+++ Given records +++
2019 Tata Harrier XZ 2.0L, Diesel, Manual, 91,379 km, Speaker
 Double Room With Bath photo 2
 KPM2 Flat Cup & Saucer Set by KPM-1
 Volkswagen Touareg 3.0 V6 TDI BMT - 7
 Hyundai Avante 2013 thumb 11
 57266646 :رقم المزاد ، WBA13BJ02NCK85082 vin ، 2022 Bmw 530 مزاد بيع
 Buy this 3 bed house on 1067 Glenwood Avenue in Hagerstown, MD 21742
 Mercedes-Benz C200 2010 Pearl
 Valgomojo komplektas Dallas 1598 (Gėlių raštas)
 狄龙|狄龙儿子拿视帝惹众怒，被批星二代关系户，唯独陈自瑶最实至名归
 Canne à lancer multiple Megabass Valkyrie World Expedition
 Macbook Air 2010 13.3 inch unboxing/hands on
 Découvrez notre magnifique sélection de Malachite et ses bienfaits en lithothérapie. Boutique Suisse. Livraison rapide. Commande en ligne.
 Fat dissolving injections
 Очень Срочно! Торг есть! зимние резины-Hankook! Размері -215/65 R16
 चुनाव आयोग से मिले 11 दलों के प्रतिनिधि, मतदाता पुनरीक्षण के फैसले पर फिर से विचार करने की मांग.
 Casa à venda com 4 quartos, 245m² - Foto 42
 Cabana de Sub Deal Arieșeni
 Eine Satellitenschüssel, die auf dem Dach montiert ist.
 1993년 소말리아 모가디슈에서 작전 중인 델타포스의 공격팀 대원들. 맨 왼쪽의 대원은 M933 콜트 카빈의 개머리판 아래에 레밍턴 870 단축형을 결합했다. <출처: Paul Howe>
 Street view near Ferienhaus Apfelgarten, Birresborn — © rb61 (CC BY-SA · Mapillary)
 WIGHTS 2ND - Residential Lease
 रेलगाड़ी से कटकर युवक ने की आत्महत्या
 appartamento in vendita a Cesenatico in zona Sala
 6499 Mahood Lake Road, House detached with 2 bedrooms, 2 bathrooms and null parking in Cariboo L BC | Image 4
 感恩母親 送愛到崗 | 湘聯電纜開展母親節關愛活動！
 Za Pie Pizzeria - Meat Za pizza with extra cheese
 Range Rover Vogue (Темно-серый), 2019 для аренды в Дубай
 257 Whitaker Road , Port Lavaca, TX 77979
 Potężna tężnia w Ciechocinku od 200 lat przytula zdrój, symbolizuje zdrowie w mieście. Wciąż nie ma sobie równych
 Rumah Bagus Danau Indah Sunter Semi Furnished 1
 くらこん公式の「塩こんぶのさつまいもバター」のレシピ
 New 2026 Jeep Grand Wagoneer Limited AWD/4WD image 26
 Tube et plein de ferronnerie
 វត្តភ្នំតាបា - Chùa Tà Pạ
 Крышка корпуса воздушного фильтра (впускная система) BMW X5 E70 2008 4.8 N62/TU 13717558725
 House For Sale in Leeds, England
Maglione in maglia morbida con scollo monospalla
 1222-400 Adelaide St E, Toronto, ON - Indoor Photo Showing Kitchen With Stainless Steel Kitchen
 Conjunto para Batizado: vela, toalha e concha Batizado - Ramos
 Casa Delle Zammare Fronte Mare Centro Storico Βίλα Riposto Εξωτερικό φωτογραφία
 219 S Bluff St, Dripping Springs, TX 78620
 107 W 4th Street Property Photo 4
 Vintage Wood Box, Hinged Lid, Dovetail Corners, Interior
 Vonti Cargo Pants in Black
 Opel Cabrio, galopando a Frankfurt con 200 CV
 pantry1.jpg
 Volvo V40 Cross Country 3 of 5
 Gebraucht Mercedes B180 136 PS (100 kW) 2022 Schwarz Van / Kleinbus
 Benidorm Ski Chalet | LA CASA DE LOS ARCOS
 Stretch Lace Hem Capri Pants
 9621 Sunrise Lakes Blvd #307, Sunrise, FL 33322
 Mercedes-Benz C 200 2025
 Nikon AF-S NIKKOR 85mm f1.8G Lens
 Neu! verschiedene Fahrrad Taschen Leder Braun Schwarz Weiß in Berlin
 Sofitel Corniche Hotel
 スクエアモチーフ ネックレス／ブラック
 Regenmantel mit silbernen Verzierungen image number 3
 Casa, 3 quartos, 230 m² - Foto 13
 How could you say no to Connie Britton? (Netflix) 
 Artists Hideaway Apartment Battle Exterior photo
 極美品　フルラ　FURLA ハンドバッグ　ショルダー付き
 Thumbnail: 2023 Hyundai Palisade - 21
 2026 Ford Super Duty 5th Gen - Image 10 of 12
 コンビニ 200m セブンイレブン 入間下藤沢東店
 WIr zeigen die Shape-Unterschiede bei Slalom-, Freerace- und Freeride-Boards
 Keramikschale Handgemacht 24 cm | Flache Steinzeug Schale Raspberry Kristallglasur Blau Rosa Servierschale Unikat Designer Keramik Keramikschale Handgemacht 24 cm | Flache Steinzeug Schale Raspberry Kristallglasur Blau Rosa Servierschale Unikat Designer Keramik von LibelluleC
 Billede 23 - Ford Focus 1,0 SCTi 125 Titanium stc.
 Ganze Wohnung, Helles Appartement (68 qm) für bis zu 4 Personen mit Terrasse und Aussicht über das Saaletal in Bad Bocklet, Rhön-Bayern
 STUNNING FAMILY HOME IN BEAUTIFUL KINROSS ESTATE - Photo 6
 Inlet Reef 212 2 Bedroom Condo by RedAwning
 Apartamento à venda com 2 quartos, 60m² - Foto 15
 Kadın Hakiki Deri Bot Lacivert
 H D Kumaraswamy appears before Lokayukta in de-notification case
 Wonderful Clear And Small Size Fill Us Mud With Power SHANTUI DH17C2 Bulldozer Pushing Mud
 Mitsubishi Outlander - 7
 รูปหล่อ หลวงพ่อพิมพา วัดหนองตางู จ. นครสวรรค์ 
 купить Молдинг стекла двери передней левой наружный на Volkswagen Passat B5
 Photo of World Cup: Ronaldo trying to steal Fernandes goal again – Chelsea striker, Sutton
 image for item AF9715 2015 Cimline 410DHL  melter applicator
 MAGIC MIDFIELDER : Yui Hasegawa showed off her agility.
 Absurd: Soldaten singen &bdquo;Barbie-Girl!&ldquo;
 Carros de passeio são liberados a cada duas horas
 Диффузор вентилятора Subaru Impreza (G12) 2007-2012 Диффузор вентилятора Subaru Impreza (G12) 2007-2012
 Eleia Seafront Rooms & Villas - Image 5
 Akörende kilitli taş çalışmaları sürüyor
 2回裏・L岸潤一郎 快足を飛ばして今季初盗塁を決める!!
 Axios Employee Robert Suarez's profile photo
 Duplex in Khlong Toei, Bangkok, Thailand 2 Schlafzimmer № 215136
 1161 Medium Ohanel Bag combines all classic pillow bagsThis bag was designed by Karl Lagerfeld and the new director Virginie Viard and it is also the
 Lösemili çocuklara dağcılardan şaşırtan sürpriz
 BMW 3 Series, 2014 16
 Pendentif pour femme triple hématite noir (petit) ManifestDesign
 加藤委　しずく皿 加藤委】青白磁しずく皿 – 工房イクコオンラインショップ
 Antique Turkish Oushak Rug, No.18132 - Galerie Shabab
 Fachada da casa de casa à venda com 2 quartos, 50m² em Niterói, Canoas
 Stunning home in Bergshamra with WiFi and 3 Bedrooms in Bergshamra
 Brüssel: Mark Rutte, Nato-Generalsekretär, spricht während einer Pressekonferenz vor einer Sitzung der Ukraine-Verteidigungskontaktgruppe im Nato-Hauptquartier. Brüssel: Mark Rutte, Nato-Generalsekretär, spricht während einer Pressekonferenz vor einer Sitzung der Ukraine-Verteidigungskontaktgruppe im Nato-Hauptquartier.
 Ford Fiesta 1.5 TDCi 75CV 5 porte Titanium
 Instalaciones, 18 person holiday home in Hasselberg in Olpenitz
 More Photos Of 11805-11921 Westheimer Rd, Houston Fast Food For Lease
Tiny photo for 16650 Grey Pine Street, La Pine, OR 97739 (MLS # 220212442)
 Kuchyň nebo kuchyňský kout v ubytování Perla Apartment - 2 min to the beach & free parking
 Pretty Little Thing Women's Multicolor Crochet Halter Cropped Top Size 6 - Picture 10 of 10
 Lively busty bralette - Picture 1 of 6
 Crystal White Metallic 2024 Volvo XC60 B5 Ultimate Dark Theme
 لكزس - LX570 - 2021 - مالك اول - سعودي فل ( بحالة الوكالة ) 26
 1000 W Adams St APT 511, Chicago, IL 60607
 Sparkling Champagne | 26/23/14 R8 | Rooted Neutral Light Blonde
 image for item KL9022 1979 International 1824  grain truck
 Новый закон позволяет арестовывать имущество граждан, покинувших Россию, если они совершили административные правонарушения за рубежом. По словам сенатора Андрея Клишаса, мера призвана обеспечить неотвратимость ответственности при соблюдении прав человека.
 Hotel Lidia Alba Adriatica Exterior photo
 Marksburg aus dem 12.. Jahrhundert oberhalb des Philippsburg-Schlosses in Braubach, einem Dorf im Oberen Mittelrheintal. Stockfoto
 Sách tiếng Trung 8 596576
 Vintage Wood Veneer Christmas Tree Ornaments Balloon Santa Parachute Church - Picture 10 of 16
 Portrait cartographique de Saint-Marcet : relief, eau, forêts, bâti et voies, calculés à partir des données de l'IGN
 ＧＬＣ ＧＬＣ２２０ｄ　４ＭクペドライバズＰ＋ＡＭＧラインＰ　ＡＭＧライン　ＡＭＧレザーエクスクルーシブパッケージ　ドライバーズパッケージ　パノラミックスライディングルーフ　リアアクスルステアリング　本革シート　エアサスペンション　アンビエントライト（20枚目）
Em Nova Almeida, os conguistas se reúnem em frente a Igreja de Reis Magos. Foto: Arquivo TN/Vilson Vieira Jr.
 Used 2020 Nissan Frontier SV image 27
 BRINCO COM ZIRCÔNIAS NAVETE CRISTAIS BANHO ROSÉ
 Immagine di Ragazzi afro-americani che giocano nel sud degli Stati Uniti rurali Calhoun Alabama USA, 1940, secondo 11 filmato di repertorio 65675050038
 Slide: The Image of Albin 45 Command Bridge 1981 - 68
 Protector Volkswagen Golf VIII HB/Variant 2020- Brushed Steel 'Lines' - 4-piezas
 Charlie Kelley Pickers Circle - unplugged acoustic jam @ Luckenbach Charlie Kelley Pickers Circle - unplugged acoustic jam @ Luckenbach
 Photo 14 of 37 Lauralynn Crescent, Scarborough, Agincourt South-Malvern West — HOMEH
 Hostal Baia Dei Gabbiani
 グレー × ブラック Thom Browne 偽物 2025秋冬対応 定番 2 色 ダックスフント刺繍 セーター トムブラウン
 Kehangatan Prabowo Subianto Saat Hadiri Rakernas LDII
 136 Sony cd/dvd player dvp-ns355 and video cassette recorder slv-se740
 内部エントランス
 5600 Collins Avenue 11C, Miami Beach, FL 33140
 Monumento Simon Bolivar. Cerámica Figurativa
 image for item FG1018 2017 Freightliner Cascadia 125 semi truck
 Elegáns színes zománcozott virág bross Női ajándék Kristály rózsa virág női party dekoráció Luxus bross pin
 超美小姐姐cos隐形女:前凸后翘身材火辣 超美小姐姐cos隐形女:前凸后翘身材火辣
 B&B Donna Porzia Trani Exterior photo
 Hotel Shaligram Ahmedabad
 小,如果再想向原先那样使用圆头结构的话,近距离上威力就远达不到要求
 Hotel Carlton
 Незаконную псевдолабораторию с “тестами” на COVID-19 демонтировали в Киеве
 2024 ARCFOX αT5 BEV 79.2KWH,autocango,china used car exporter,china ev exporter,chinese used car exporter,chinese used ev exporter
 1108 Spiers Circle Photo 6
+++
▸ Assignment
When the word "Schwarz" shows up in a line of the entries, pull that line out.

▸ Result of this task
 Gebraucht Mercedes B180 136 PS (100 kW) 2022 Schwarz Van / Kleinbus
 Neu! verschiedene Fahrrad Taschen Leder Braun Schwarz Weiß in Berlin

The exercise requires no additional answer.